:: Required action ::
From the line that holds "Juguete Robot Candy" down to the last line of the listing below, transcribe exactly and only those lines. Leave pictures out.

:: Data ::
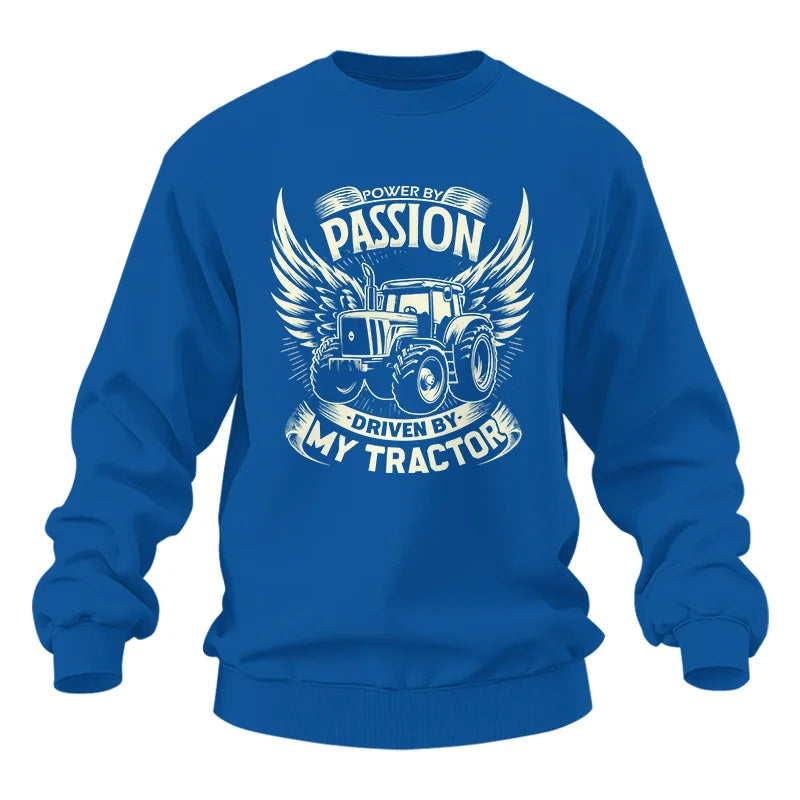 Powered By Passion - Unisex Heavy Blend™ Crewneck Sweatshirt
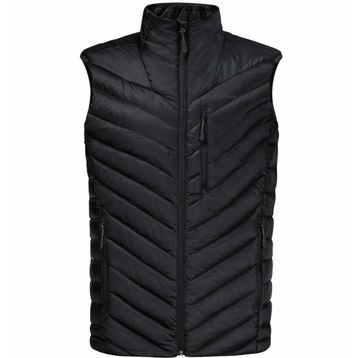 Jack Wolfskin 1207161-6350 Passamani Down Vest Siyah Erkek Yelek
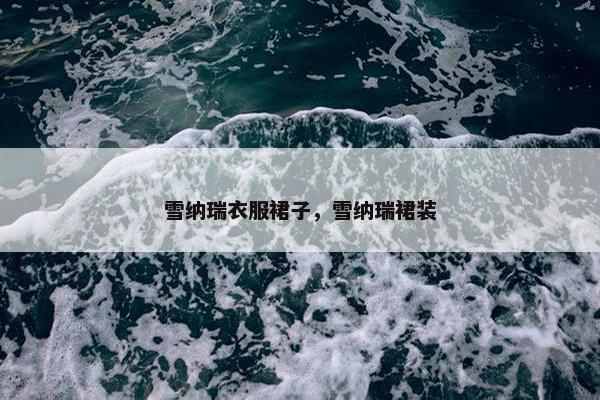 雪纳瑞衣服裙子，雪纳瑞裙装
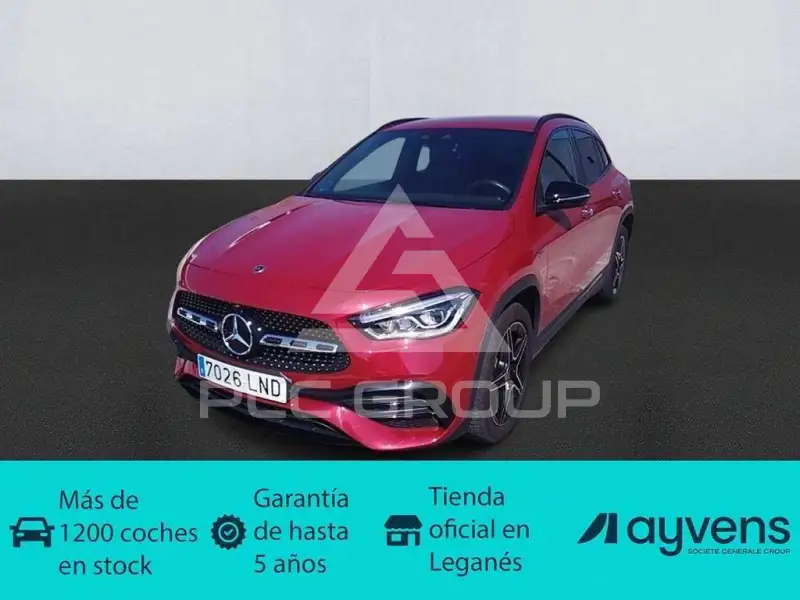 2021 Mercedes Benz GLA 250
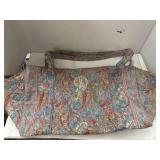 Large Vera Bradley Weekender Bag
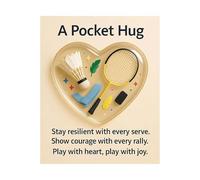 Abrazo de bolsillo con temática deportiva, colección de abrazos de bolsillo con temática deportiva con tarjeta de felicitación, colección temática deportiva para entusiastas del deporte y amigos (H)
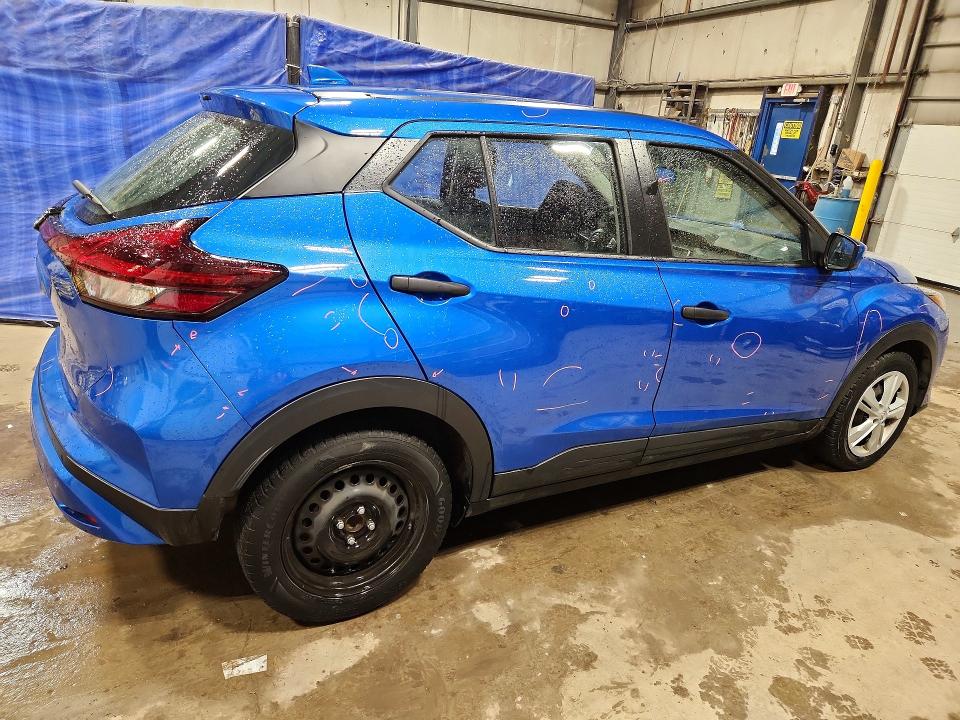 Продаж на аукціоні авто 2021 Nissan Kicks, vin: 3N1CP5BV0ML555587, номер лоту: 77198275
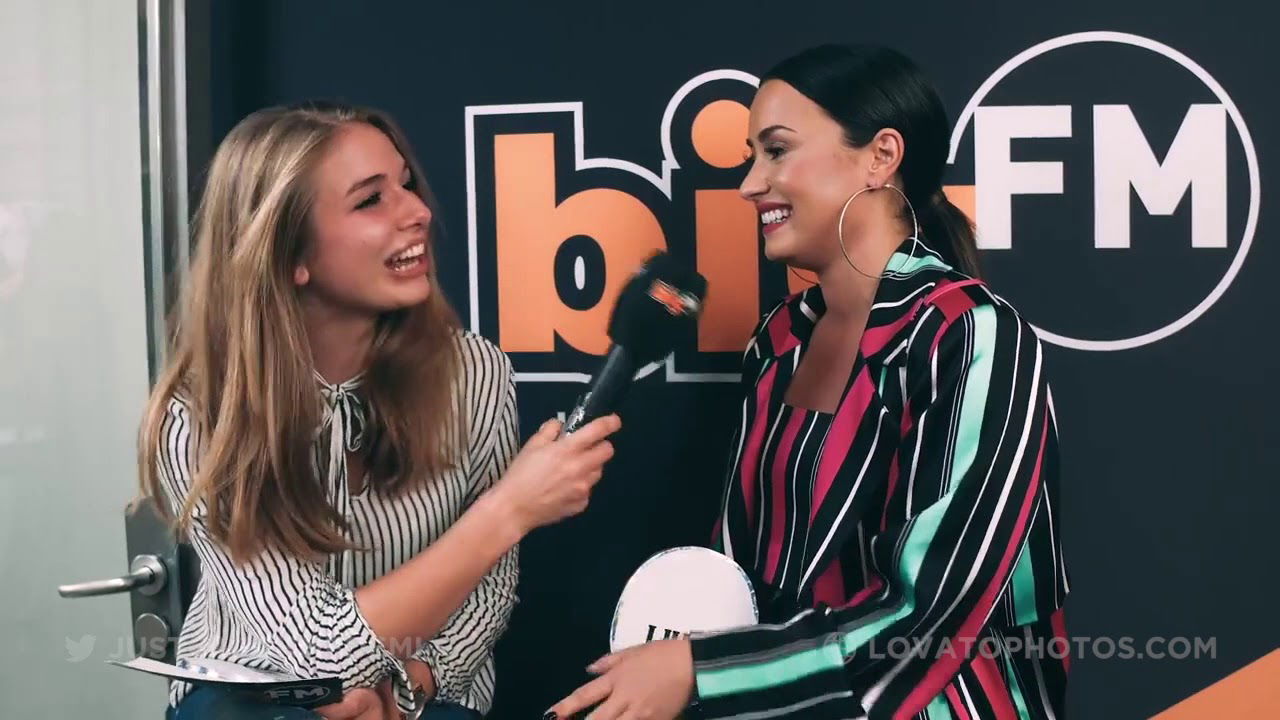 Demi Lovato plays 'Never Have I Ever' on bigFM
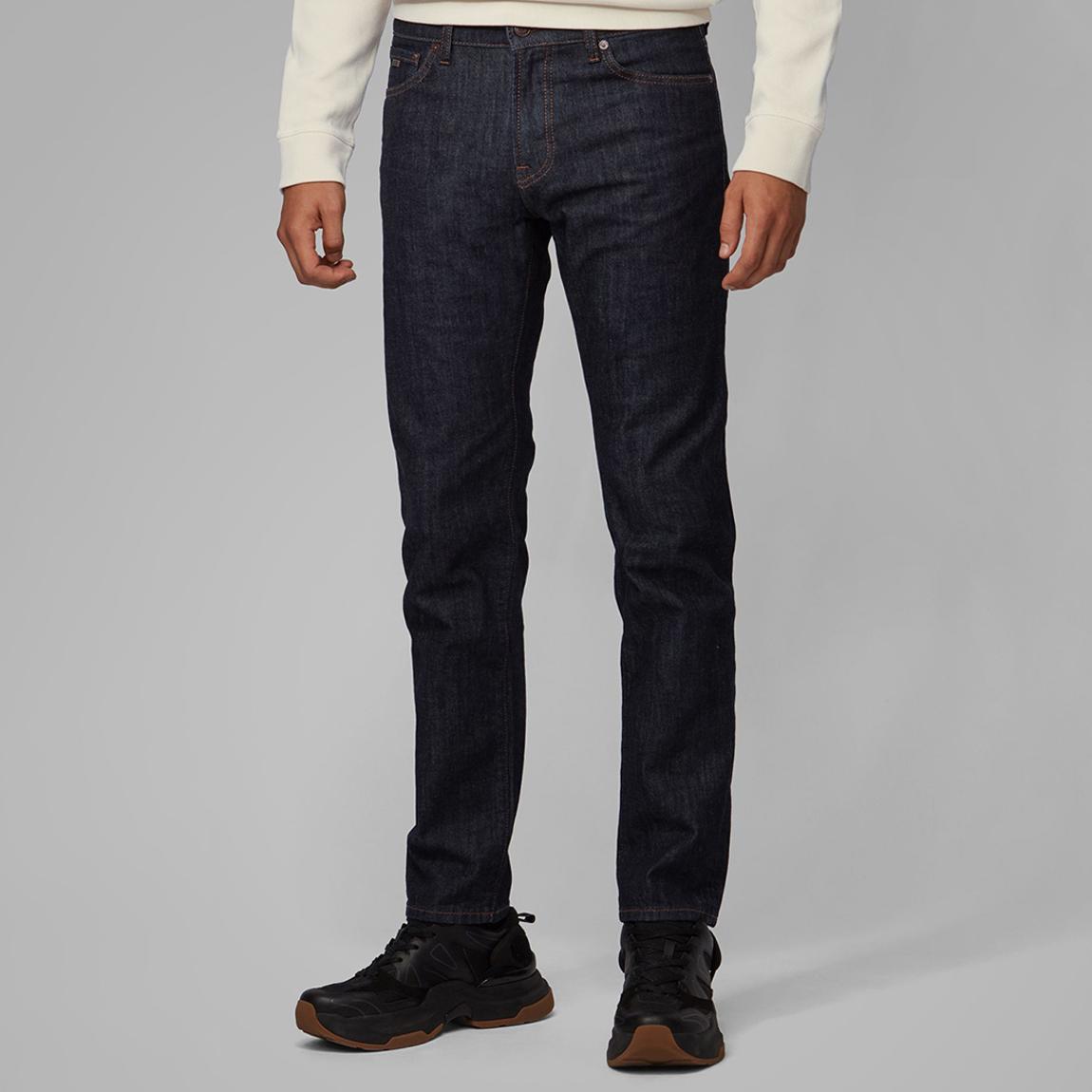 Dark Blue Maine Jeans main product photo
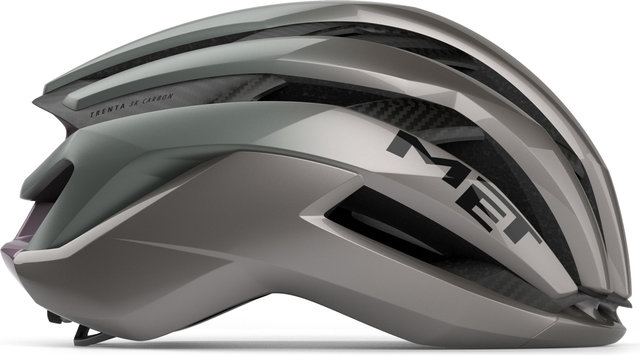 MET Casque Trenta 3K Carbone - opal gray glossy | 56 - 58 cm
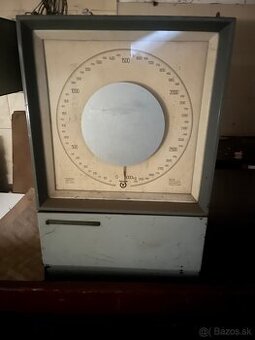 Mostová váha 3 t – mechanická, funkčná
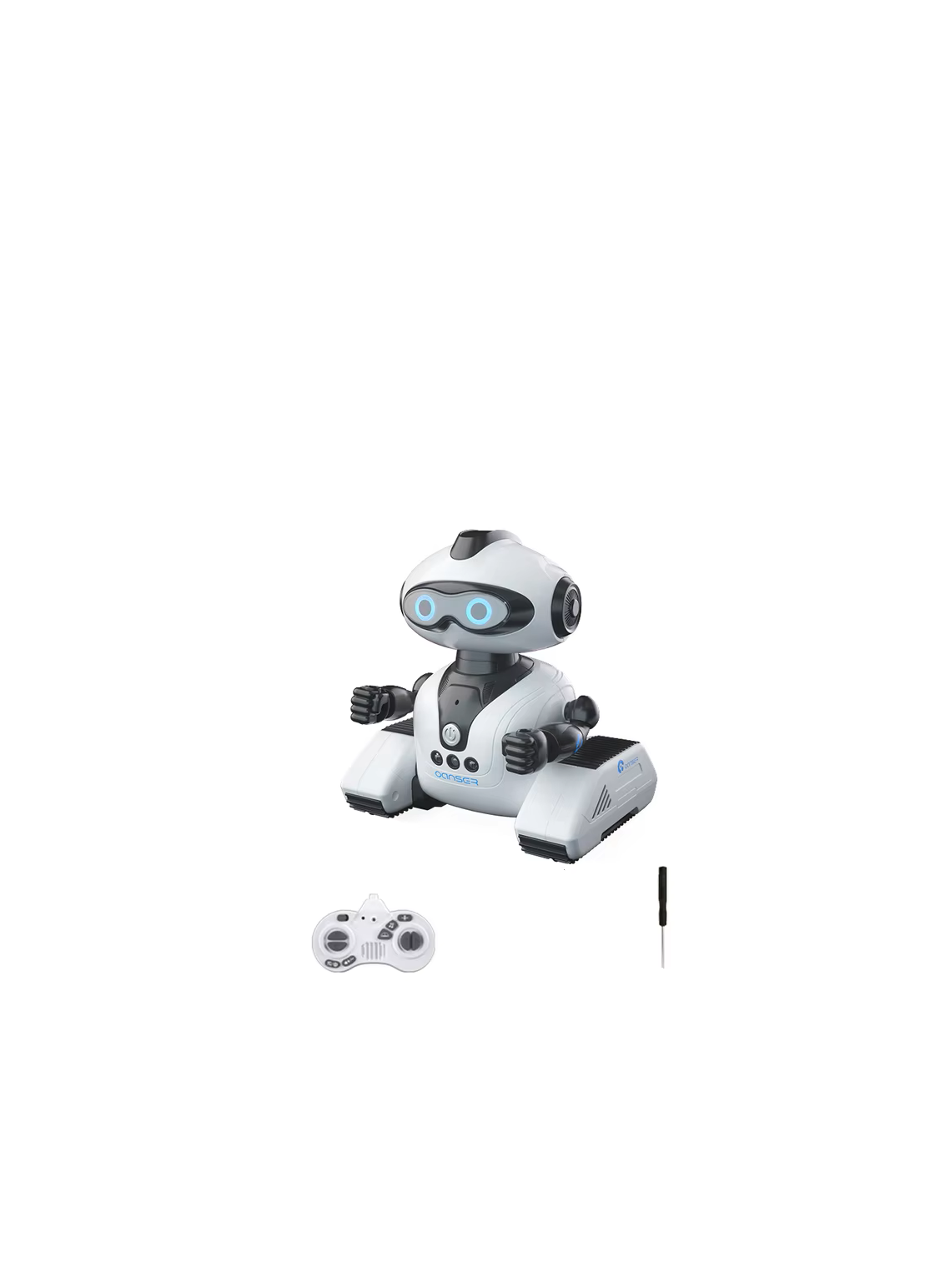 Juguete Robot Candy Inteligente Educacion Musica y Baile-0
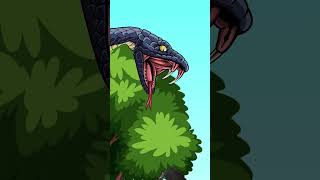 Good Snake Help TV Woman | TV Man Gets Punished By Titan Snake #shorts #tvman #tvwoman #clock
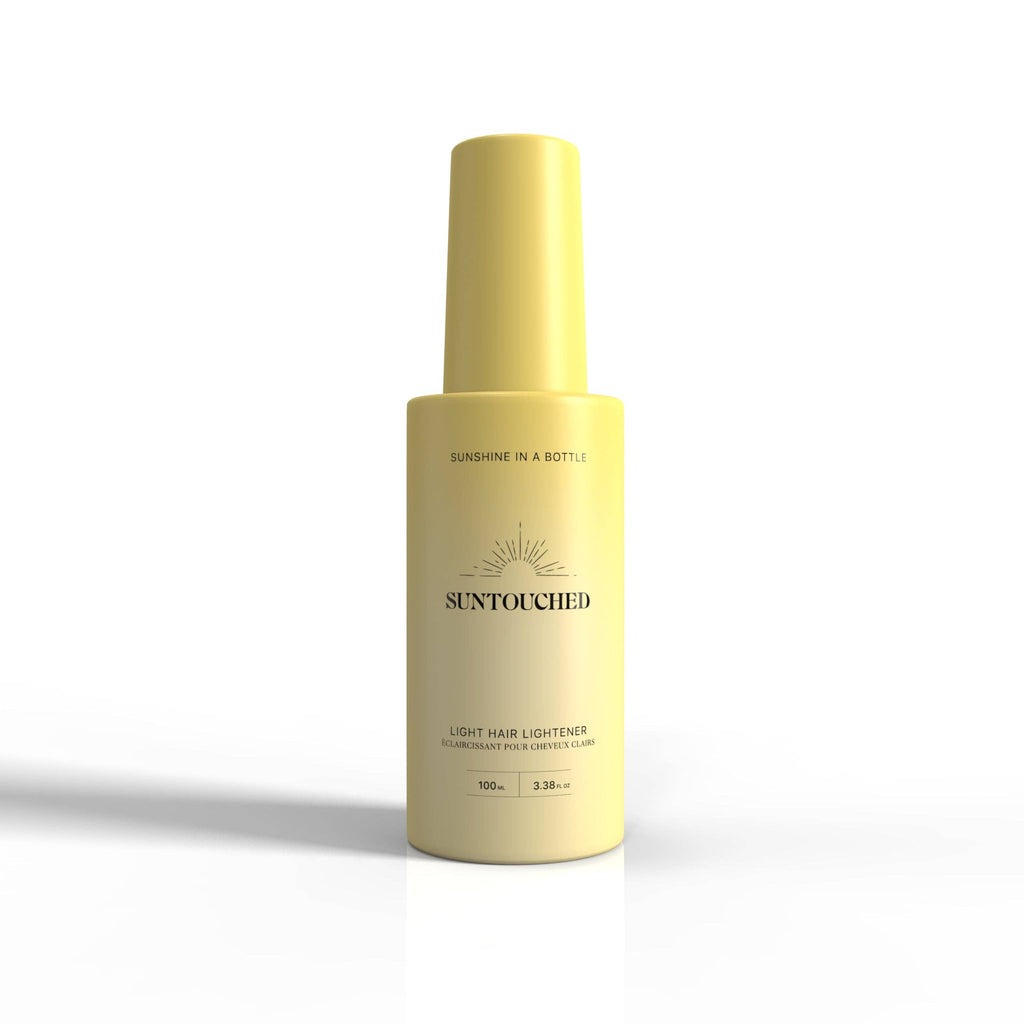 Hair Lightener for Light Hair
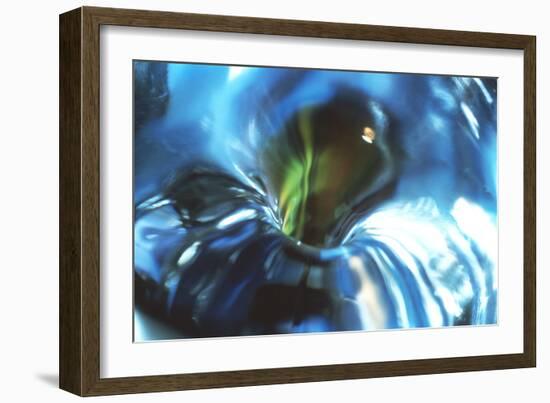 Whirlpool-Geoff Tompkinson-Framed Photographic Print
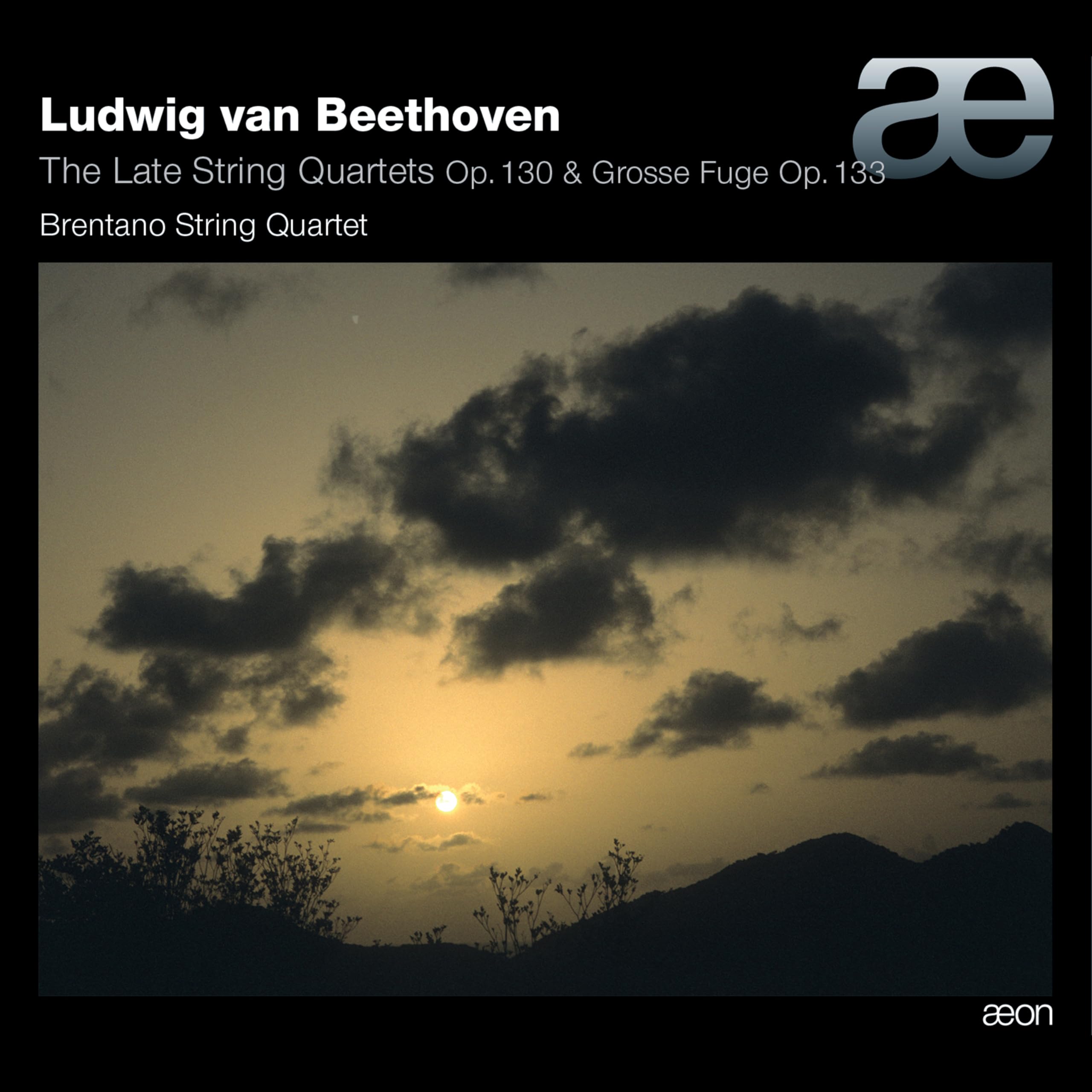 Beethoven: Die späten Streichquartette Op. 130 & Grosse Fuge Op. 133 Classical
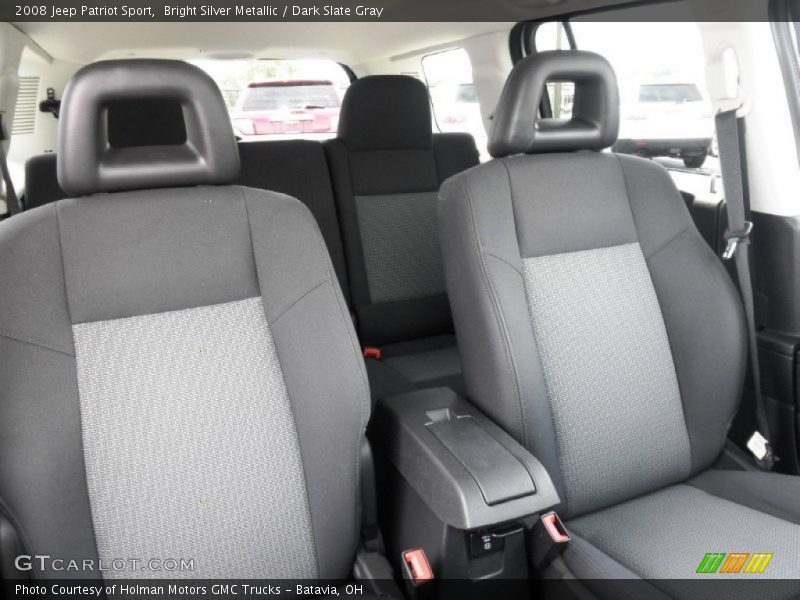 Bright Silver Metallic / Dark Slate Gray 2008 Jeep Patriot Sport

:: Response box ::
 Juguete Robot Candy Inteligente Educacion Musica y Baile-0
 Good Snake Help TV Woman | TV Man Gets Punished By Titan Snake #shorts #tvman #tvwoman #clock
 Hair Lightener for Light Hair
 Whirlpool-Geoff Tompkinson-Framed Photographic Print
 Beethoven: Die späten Streichquartette Op. 130 & Grosse Fuge Op. 133 Classical
 Bright Silver Metallic / Dark Slate Gray 2008 Jeep Patriot Sport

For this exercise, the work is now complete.